Why the difference in checking for value of pd.DataFrame vs pd.Series if value in index?

May 18, 2024

I’m working with a pandas DataFrame and I noticed a difference in behavior when using the in operator.

Here’s an example to illustrate this:

import pandas as pd

df = pd.DataFrame({'a': [4, 5, 6], 'b': [7, 8, 9]})

print(1 in df)
print(type(df))

print(1 in df["a"])
print(type(df["a"]))

Output:

False
<class 'pandas.core.frame.DataFrame'>
True
<class 'pandas.core.series.Series'>

The most straightforward difference is that of course one object is a DataFrame, the other is a Series; nonetheless, I was not really expecting 1 to be found in the Index of the Series and this expression evaluating to True. Especially as it is False for the DataFrame.

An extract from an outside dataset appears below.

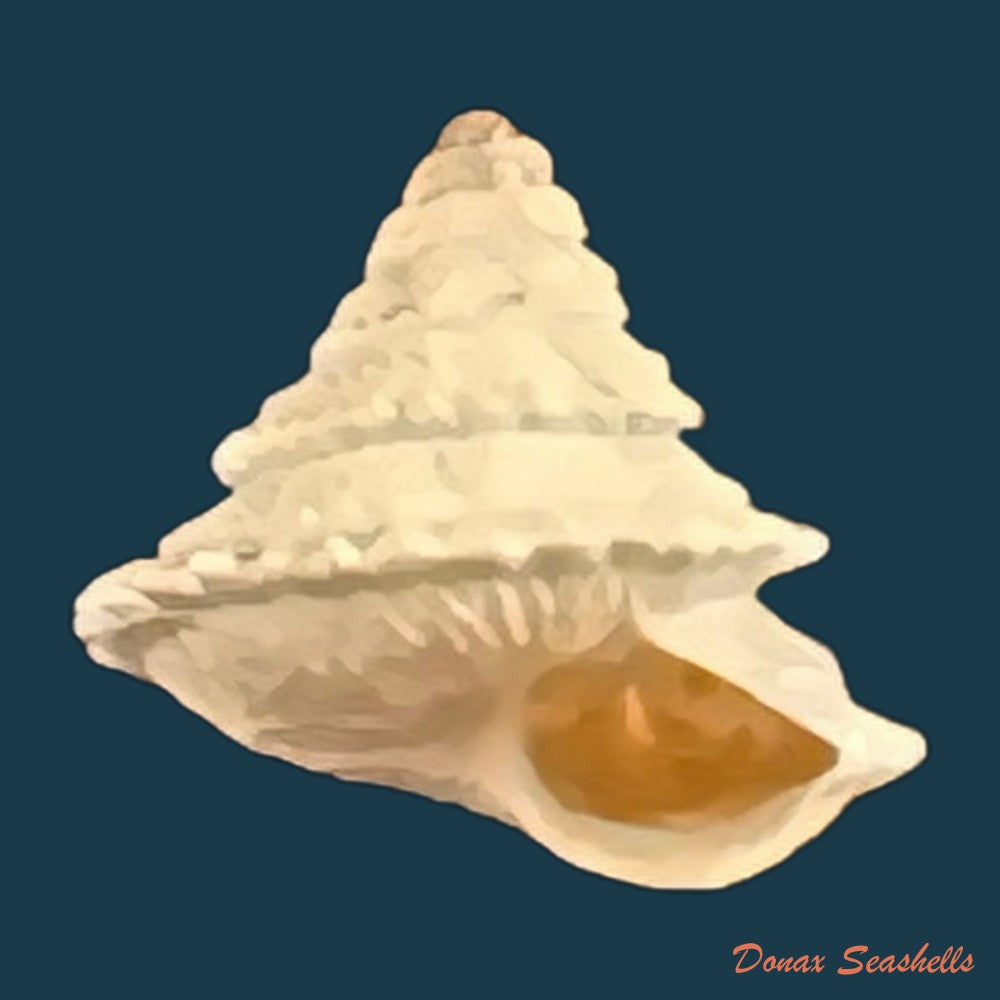 copia-de-obelus-pumilio-dillwyn-1817-7-8mm-1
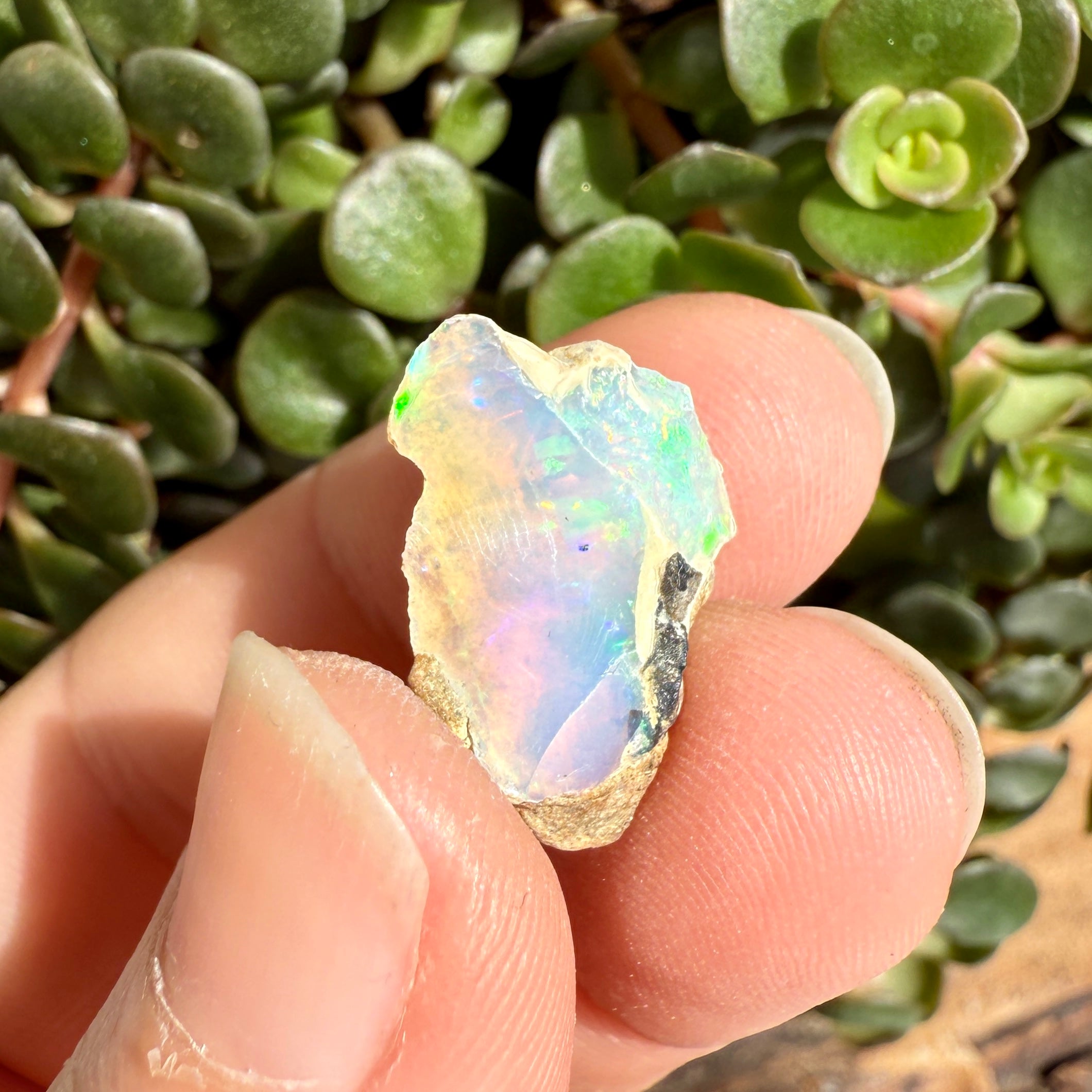 Opal - 6.8 Carats Natural Rough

Is there an explanation why I should have been expecting this?

>Solution :

In both cases the in operator calls __contains__ to test membership. Both pd.DataFrame and pd.Series are subclasses of NDFrame, which has this method defined as follows:

    def __contains__(self, key) -> bool:
        """True if the key is in the info axis"""
        return key in self._info_axis

So, under the hood the following happens:

print(df._info_axis)
# Index(['a', 'b'], dtype='object')

print(df.__contains__(1))
# False

# approx.: 1 in ['a', 'b']

print(df['a']._info_axis)
# RangeIndex(start=0, stop=3, step=1)

print(df['a'].__contains__(1))
# True

# approx.: 1 in [0, 1, 2]

I.e., the difference lies in the fact that a df uses df.columns as the ‘info axis’, while a series, such as df['a'], naturally must use series.index.